Introduction

Modern dairy cattle are more susceptible to changing climatic conditions due to intensive selection for high milk production (Sammad et al. 2020). High milk yield requires a high metabolic activity and thus generates more metabolic heat. Elevated internal heat production coupled with increasing environmental temperature leads to heat stress (Sammad et al. 2020; Brown et al. 2016; and West et al. 2003). Heat stress is one of the most important challenges facing the dairy industry today (Polsky and von Keyserlingk 2017). It has a negative impact on a variety of performance parameters such as milk yield, reproduction, and growth (Sammad et al. 2020).

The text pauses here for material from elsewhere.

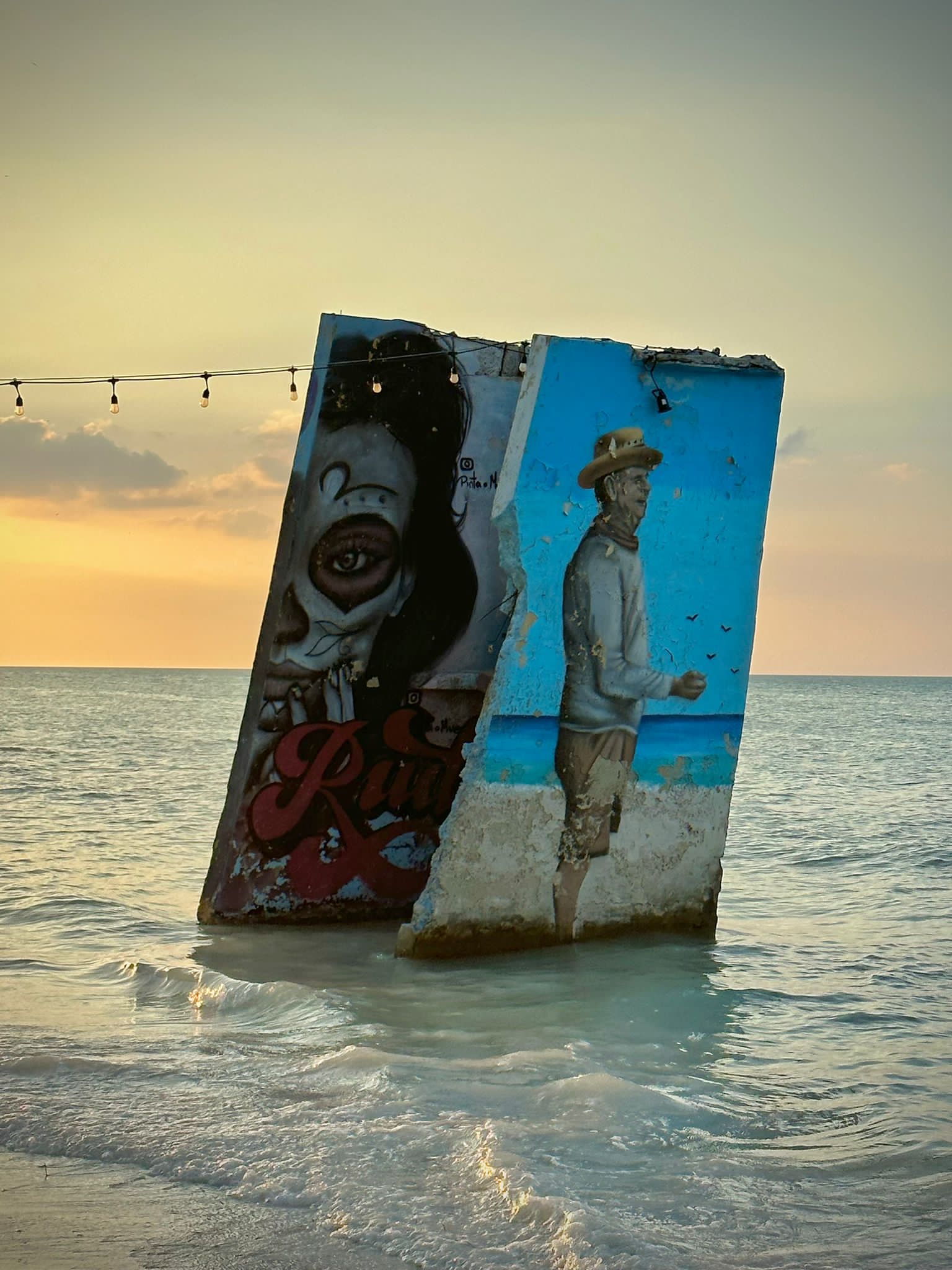 A picture of a mural painted on a large rock positioned at an angle in the ocean water. There are string lights tied to the left side of the rock, and a vibrant orange sunset in the background.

In early lactation, the nutrient requirements of dairy cattle usually exceed feed intake which may result in different degrees of negative energy balance (NEB) (Butler 2003). Under heat stress conditions, cows may go further into NEB in postpartum period which may result in decreased concentrations of plasma insulin, IGF-I, and glucose. These factors are necessary for normal folliculogenesis, and their dysregulation may lead to reproductive disorders (De Rensis and Scaramuzzi 2003). Mobilization of body fat reserves is an adaptive response to NEB in dairy cattle (White 2015; Bünemann et al. 2019). Nonesterified fatty acids (NEFA) release from adipose tissue in the postpartum period may exceed the oxidation capacity of the liver. Excessive NEFA may be incompletely oxidized by the liver to ketone bodies or re-esterified to triglycerides, potentially leading to ketosis or fatty liver (Adewuyi et al. 2005). The severity of NEB, which is characterized by the degree of increase in plasma concentrations of NEFA and beta-hydroxybutyric acid (BHBA) and the degree of decrease in glucose plasma concentration, may also contribute to the immunosuppression in transition cows (Moyes et al. 2009).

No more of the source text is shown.